To the Editor:
"...plus ca change, plus ca la meme chose" or ..."the more things change, the more they stay the same." During the 40 odd years since Woodrow W. Storey wrote "Contract Performance by Industry" in The Federal Accountant (reprinted in the History section of the Spring 2001 issue of the Journal of Government Financial Management), scores of government procurement initiatives have come and gone, leaving their respective legacies. The initiatives of 40 years ago, like those of today, were informed by a sense that taxpayers needed to be protected from unscrupulous contractor practices. In Mr. Storey's time, the memories of WWII and Korean Conflict improprieties were still fresh; more recently defense industry scandals have included legendary $400 toilet seats and the "III Wind" scandals of the Vietnam and Cold War eras.

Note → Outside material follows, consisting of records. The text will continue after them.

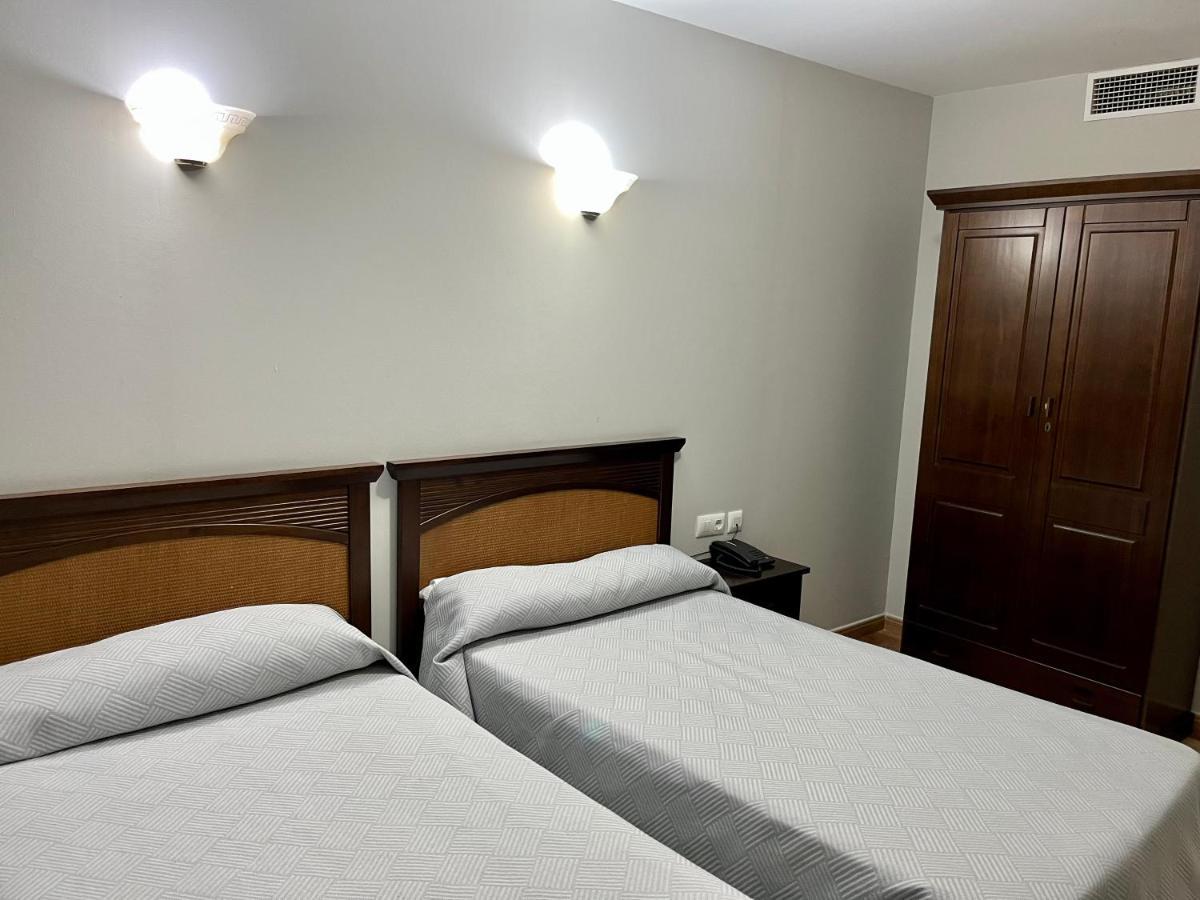 Hotel Cervantes Zafra Ngoại thất bức ảnh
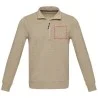 Sudadera reciclada cremallera 1/4 unisex AWARE Cyclo - Imagen 11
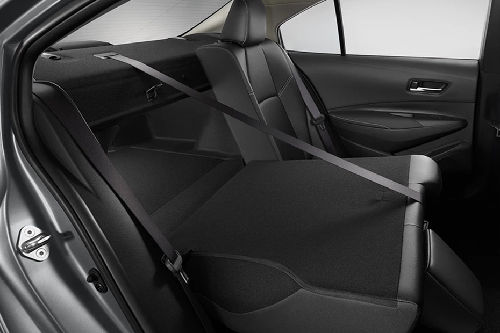 Folding Seats of Toyota Corolla Altis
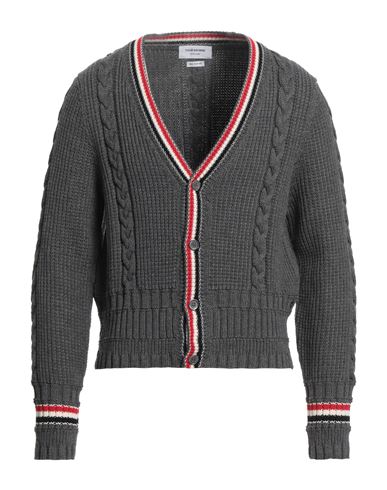 Man Cardigan Lead Size 3 Wool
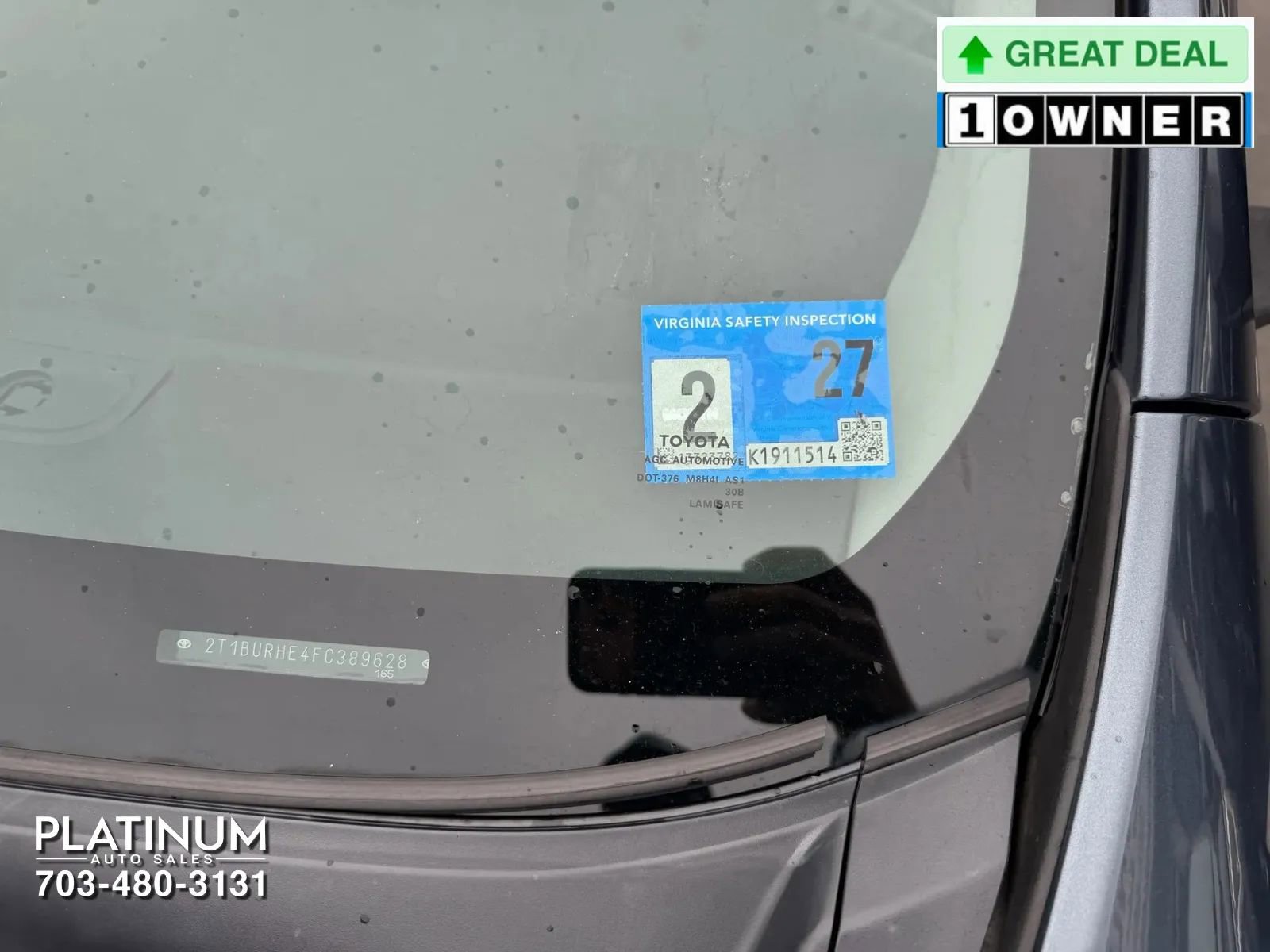 Used 2015 Toyota Corolla LE image 9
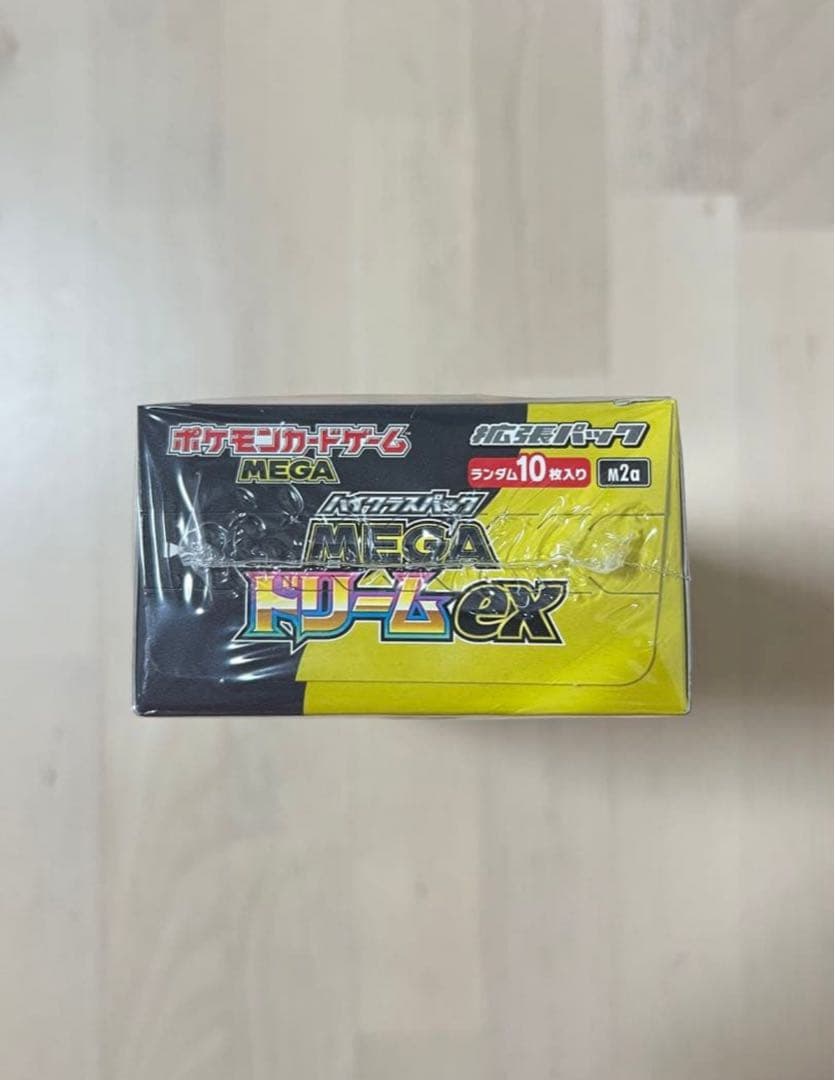 【シュリンク付き】ポケモンカード MEGAドリームex 1BOX
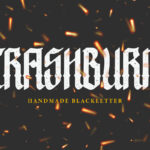 Crashburn Font Poster 1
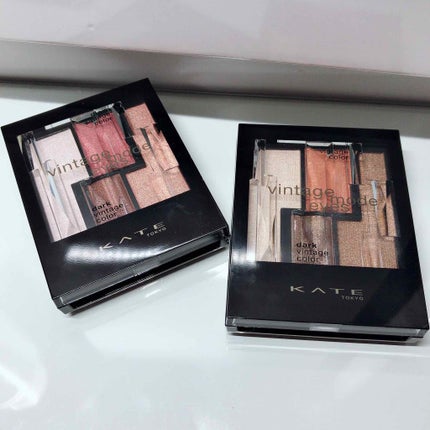 ヴィンテージモードアイズ/KATE/アイシャドウパレットを使ったクチコミ(1枚目)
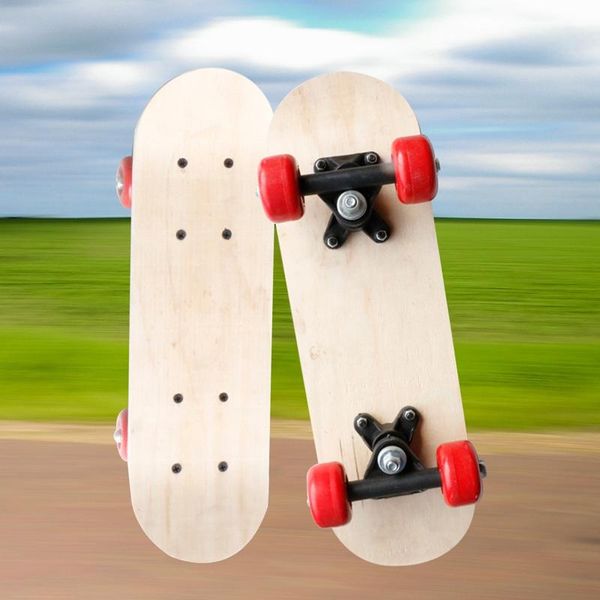 

skateboarding 43*13cm complete diy and skateboards for beginners graffiti boys girls kids four-wheel street long skate board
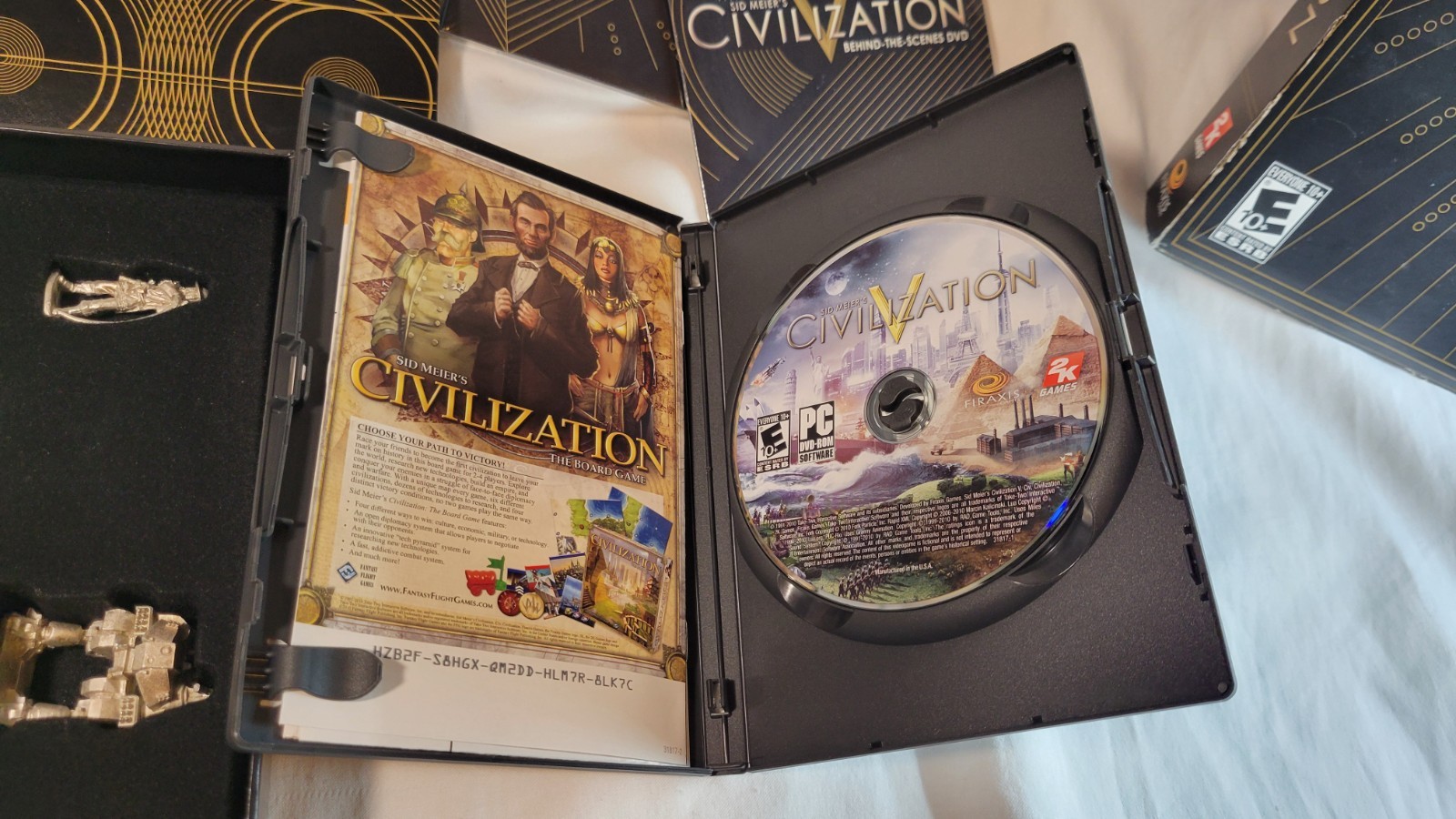 Sid Meier’s Civilization V: Special Edition (PC Big Box, 2010) – Complete in Box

Every new scandal is met with demands for more watchdog legislation, adding hundreds of regulations in an effort to finally exert strong control over contractors. Invariably these initiatives are informed by price-regime controls.
Mr. Storey, though he argues from a contractor position for lesser regulation and control, strongly hints that partnership is the real answer. As he notes, our defense industrial base and procurement process have consistently provided the weapon systems needed to carry out our national security policy. This has been achieved via a common goal: the desire to get the best product, on time, in the quantity required, at the lowest possible price. To achieve a better sense of partnership, Mr. Storey calls for more contractual incentives and increased use of private sector business practices. His orientation toward performance measurement and recognition of competence and outstanding performance was certainly somewhat visionary.
Unfortunately, practices of the time precluded partnership. For example, Mr. Storey observes that the government was more interested in creating costsharing agreements, which create arms-length, noncommittal relationships. He lists the many negative ramifications of these agreements, including the possibility of unscrupulous behavior as contractors attempt to realize a "fair" profit by any means necessary. …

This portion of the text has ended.